AI coding tools can write Cypress tests. What they tend to struggle with is writing them well.
Ask an AI assistant to generate a Cypress test and you'll probably get something that runs. But look closer and you'll find CSS class selectors instead of data-cy attributes, cy.wait(3000) instead of network aliases, and no awareness of the custom commands your team already built. It's a Cypress test — it's just not the kind of Cypress test you'd write yourself.
That's the problem Cypress AI Skills is designed to help with.
What Skills actually are
Skills are instruction sets that tell your AI coding assistant how to approach a specific Cypress workflow. What conventions to follow, what patterns to prefer, what to avoid.
They're not magic. They don't guarantee perfect output. What they do is steer AI toward better decisions more often — the same way a style guide helps a new contributor write code that fits the project, even if they don't follow it perfectly every time.
Skills are published in the open-source Cypress AI Toolkit and work with any AI coding assistant that supports custom instructions, like Cursor, Claude Code, and GitHub Copilot.
Two skills to start
cypress-author — guidance for creating, updating, and fixing Cypress tests
This skill instructs your AI agent to read your project first — config, existing specs, custom commands, fixtures — before generating anything. The goal is output that fits your project's conventions rather than falling back on generic patterns. That means preferring stable selectors over CSS classes, reusing your existing helpers instead of reinventing them, and sticking to APIs your version of Cypress actually supports.
How well that lands depends on the model and context, but the skill consistently pushes output in a better direction than going without it.

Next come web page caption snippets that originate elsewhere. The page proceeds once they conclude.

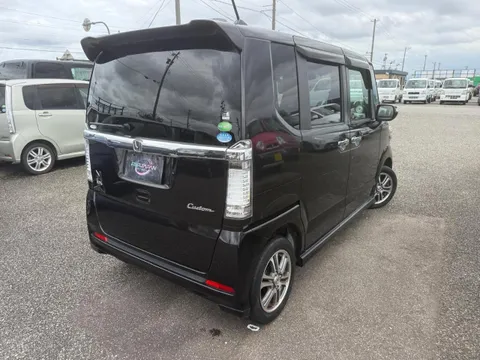 Honda N-BOX Custom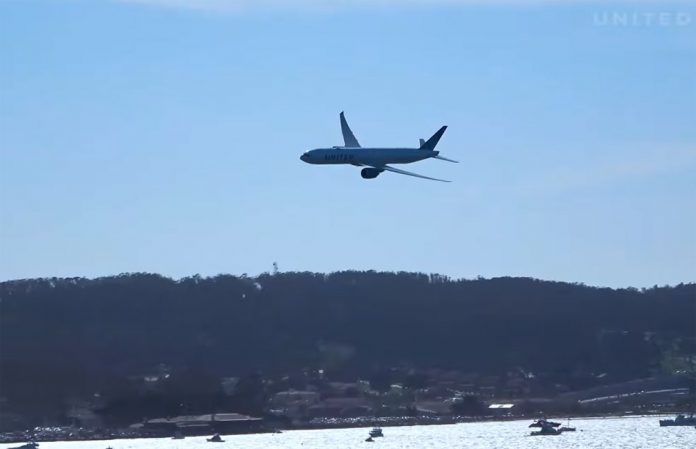 Boeing 777-300ER United Airlines во время показательного полета рядом с мостом Золотые Ворота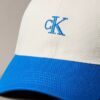 Casquette de baseball avec logo brodé contrasté Casquette de baseball avec logo brodé contrasté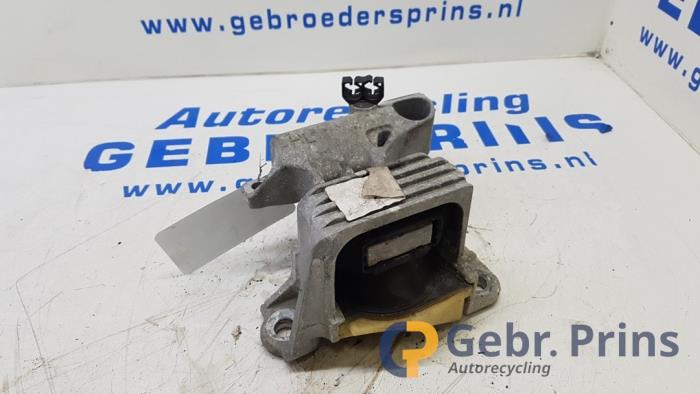 Gebrauchte Motorlager Renault Grand Scénic III (JZ) 1.4 16V TCe 130 Preis € 25,00 Margenregelung angeboten von Autorec. Gebr. Prins b.v.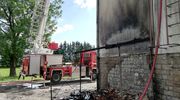 Zaczęło się od pożaru pojemników na śmieci, potem zajął się dach szkoły [ZDJĘCIA]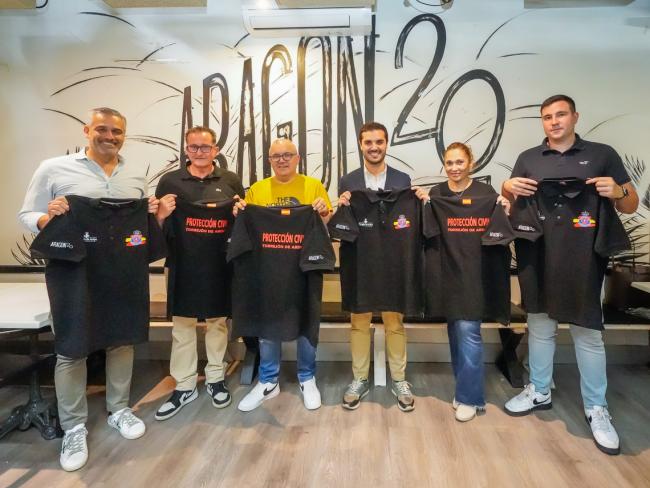Acto de entrega de la ropa por parte de los dueños del restaurante Aragón 20
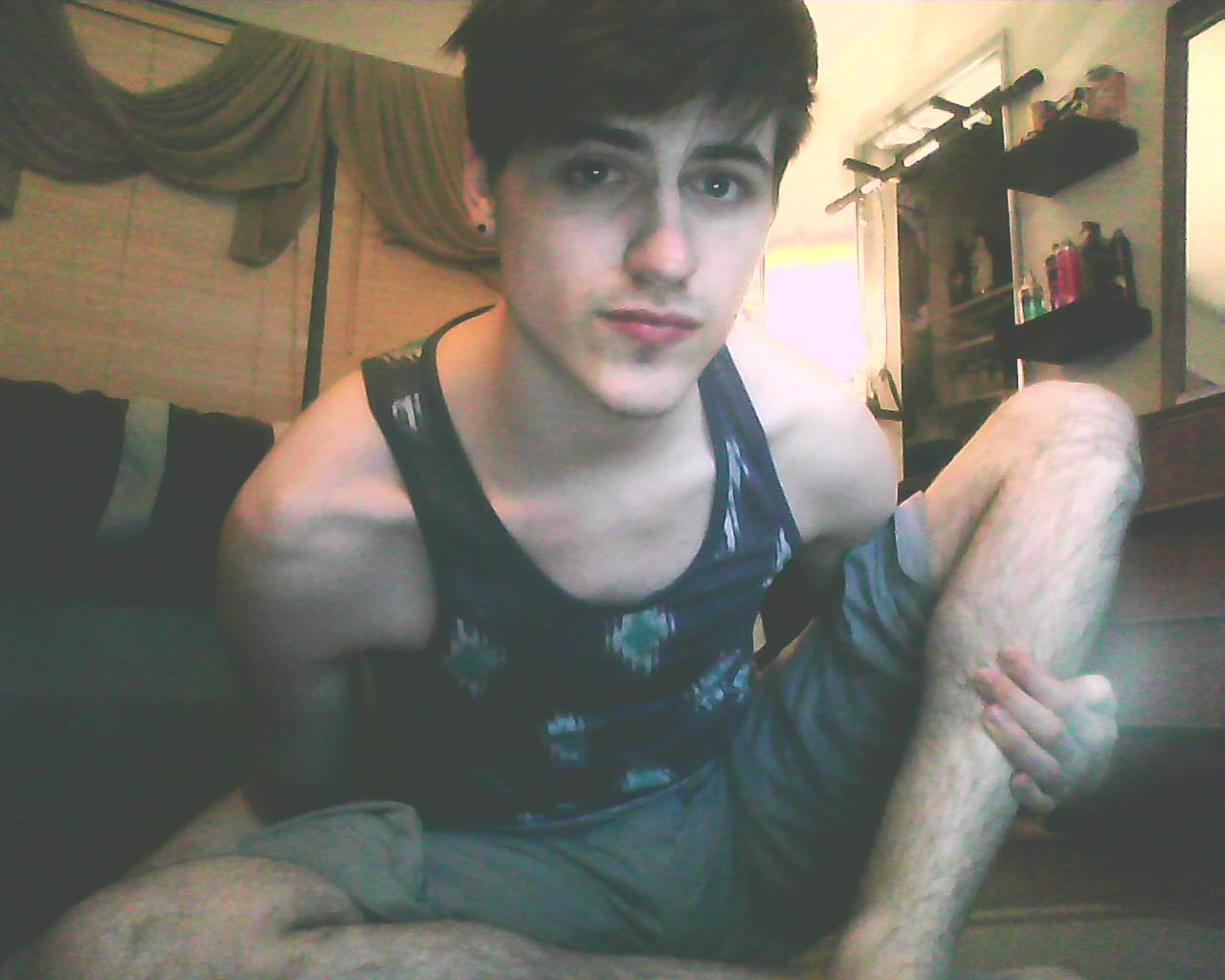 anthonygreysky:  Daydreaming again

cypress-explain — guidance for understanding tests and cypress concepts
Reach for this when you're trying to understand what a test suite covers, onboarding someone new, or figuring out why a test is flaky before rewriting it. The skill instructs the AI to use accurate Cypress terminology, flag brittle selectors and timing assumptions, call out missing assertions, and catch misleading test titles — the kinds of things an experienced Cypress developer would check for.
Why this matters at the team level
Every developer on your team prompts differently. Different vocabulary, different levels of Cypress experience, different habits. Skills give everyone a shared baseline of Cypress knowledge to draw from, which helps reduce the variance in what your AI tools produce. It won't make output perfectly consistent, since the person prompting and the model still matter, but it raises the floor.
What this looks like in practice
You can invoke a skill explicitly with a slash command (/cypress-author, /cypress-explain) or let your AI tool pick it up automatically based on your prompt.
Here are a few examples of how you can work with skills:
Scaffold from requirements:
Review the acceptance criteria for the "Mark all complete" flow:
- Clicking the checkbox toggles every task's completed state
- All tasks move to the "Completed" list
- The footer shows 0 active items
Check if these are already tested. If not, scaffold tests for any gaps.
Audit a spec for quality issues:
/cypress-explain Review cypress/e2e/dashboard.cy.ts. Flag tests that are likely
flaky, over-coupled, or missing meaningful assertions.Generate tests using cy.prompt():
Write a new Cypress test that uses cy.prompt() to:
1. Visit the shopping cart page
2. Remove the "Vegetables" item from the cart
3. Increase the quantity of the "Chocolate" item to 6Get test intent summaries:
Summarize what the tests in cypress/e2e/onboarding.cy.ts cover in plain language,
as if explaining it to a product manager.Get started
Install all skills with one command:
npx skills add cypress-io/ai-toolkit
For manual installation, tool-specific setup, and troubleshooting, see the Cypress AI Skills documentation.
Part of a broader picture
Skills handle the authoring side — giving your AI better guidance when it's writing or reviewing tests. For the full picture of how AI works across Cypress, from self-healing selectors to CI failure debugging, see Cypress AI features.
Open source, open to contributions
The Cypress AI Toolkit is open source. If a skill gets something wrong or you've built an improvement, open an issue or a PR.